**INFORMATION SUPPLIED:**
--------
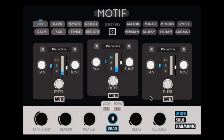The solo mode lets only one layer play at a given time, just like a virtuoso. Let's hear some examples for each mode.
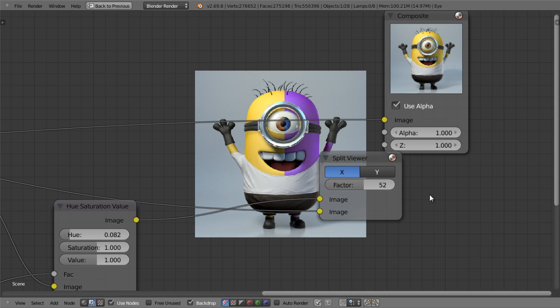Thanks for watching and I hope it was useful. I'll put a link where you can download this blend file for the minion. Bye.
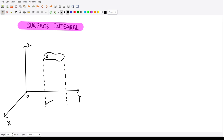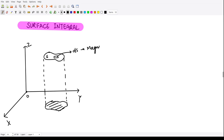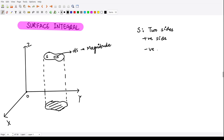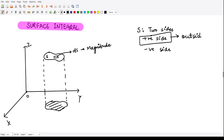This is the projection of the surface onto the x-y plane. In this surface, if I consider a small portion, I call this small portion ds — the magnitude of the small surface that I am considering. Now, this surface S has two sides: one side we call the positive side and the other we call the negative side. Usually the positive side is considered to be the outside portion of the surface.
--------
**TASK DESCRIPTION:**
The pictures should be dropped, and every line above should be set down again exactly.

**REPLY:**
The solo mode lets only one layer play at a given time, just like a virtuoso. Let's hear some examples for each mode.
Thanks for watching and I hope it was useful. I'll put a link where you can download this blend file for the minion. Bye.
This is the projection of the surface onto the x-y plane. In this surface, if I consider a small portion, I call this small portion ds — the magnitude of the small surface that I am considering. Now, this surface S has two sides: one side we call the positive side and the other we call the negative side. Usually the positive side is considered to be the outside portion of the surface.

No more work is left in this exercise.